» **DATA**
══════════
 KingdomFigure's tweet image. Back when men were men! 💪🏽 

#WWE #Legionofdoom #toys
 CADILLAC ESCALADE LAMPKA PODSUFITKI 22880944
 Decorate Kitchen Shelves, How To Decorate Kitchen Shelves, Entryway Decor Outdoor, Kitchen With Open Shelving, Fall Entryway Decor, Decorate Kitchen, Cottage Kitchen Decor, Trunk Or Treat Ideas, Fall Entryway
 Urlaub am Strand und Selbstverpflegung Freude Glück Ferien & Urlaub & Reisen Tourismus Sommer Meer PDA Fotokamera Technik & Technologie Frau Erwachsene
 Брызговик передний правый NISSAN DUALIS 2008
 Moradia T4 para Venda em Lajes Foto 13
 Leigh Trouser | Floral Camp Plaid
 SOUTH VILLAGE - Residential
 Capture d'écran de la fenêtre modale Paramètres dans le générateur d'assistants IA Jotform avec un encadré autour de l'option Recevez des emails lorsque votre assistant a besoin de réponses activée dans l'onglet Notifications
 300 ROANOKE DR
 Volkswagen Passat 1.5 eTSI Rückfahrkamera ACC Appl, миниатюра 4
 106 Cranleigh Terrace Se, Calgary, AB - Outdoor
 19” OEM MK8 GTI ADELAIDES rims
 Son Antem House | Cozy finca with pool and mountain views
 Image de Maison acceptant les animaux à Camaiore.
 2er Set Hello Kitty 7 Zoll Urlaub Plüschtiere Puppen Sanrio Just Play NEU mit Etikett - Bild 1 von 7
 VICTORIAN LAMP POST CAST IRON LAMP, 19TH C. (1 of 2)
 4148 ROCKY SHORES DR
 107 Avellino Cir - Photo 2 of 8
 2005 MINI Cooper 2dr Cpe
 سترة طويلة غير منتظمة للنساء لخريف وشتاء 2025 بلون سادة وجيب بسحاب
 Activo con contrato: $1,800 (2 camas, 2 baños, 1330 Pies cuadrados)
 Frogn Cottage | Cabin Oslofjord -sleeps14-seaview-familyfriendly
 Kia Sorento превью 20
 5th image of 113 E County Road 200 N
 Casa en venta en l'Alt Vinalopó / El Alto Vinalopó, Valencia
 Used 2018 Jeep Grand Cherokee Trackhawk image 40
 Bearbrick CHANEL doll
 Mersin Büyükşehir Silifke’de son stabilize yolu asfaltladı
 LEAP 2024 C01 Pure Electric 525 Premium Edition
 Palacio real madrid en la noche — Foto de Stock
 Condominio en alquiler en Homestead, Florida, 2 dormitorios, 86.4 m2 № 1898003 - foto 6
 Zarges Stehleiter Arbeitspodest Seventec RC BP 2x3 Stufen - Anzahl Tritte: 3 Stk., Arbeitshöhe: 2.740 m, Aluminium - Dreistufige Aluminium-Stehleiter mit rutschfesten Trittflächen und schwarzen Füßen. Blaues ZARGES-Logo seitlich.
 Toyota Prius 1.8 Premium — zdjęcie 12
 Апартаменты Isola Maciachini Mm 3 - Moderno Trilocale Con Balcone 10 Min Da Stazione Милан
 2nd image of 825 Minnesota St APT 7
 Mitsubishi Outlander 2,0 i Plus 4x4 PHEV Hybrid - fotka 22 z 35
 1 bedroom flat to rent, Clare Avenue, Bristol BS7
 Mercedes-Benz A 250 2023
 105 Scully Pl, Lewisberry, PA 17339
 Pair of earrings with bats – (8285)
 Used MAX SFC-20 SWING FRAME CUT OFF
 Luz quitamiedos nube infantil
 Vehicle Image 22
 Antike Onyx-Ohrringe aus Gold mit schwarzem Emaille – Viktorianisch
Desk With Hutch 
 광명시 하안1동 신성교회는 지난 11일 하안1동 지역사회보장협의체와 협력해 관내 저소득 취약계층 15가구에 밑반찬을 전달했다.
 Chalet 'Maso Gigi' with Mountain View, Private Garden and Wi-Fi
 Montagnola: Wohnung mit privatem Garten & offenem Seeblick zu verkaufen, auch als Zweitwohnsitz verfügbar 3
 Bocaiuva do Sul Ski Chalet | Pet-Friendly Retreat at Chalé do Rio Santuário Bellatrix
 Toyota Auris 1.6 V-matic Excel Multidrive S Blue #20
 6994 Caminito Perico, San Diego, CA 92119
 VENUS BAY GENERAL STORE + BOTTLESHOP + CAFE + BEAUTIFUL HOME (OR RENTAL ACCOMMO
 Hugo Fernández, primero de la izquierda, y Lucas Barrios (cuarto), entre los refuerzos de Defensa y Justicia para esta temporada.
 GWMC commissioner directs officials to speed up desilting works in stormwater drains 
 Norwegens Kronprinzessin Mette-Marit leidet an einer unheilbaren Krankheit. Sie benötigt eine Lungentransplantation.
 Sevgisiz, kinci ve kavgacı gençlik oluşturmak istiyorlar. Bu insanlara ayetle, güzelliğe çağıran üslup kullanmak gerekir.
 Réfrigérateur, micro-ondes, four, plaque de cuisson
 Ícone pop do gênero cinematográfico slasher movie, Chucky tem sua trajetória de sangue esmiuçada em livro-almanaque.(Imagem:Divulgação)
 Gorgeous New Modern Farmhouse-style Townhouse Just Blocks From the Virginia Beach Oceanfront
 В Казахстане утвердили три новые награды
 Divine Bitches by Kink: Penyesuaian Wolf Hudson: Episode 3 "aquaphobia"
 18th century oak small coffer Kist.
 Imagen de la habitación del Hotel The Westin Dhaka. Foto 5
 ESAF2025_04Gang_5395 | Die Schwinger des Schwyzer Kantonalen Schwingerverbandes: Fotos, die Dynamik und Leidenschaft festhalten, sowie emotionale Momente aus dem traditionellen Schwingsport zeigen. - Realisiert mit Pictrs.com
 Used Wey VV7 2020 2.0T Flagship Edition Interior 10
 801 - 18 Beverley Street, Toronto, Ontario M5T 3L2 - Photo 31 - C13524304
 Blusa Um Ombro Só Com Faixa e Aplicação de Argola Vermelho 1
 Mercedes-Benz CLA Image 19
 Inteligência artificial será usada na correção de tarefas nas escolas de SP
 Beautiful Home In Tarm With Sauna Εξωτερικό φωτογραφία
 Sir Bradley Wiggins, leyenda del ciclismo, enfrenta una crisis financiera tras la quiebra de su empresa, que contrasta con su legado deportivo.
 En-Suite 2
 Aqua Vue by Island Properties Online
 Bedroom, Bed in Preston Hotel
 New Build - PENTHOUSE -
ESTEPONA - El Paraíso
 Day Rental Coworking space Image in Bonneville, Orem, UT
══════════
» **THE PROBLEM**
Return, word for word, the lines of the data above from the line with "Desk With Hutch" through the line with "В Казахстане утвердили три новые награды", inclusive.

» **WORKED SOLUTION**
Desk With Hutch 
 광명시 하안1동 신성교회는 지난 11일 하안1동 지역사회보장협의체와 협력해 관내 저소득 취약계층 15가구에 밑반찬을 전달했다.
 Chalet 'Maso Gigi' with Mountain View, Private Garden and Wi-Fi
 Montagnola: Wohnung mit privatem Garten & offenem Seeblick zu verkaufen, auch als Zweitwohnsitz verfügbar 3
 Bocaiuva do Sul Ski Chalet | Pet-Friendly Retreat at Chalé do Rio Santuário Bellatrix
 Toyota Auris 1.6 V-matic Excel Multidrive S Blue #20
 6994 Caminito Perico, San Diego, CA 92119
 VENUS BAY GENERAL STORE + BOTTLESHOP + CAFE + BEAUTIFUL HOME (OR RENTAL ACCOMMO
 Hugo Fernández, primero de la izquierda, y Lucas Barrios (cuarto), entre los refuerzos de Defensa y Justicia para esta temporada.
 GWMC commissioner directs officials to speed up desilting works in stormwater drains 
 Norwegens Kronprinzessin Mette-Marit leidet an einer unheilbaren Krankheit. Sie benötigt eine Lungentransplantation.
 Sevgisiz, kinci ve kavgacı gençlik oluşturmak istiyorlar. Bu insanlara ayetle, güzelliğe çağıran üslup kullanmak gerekir.
 Réfrigérateur, micro-ondes, four, plaque de cuisson
 Ícone pop do gênero cinematográfico slasher movie, Chucky tem sua trajetória de sangue esmiuçada em livro-almanaque.(Imagem:Divulgação)
 Gorgeous New Modern Farmhouse-style Townhouse Just Blocks From the Virginia Beach Oceanfront
 В Казахстане утвердили три новые награды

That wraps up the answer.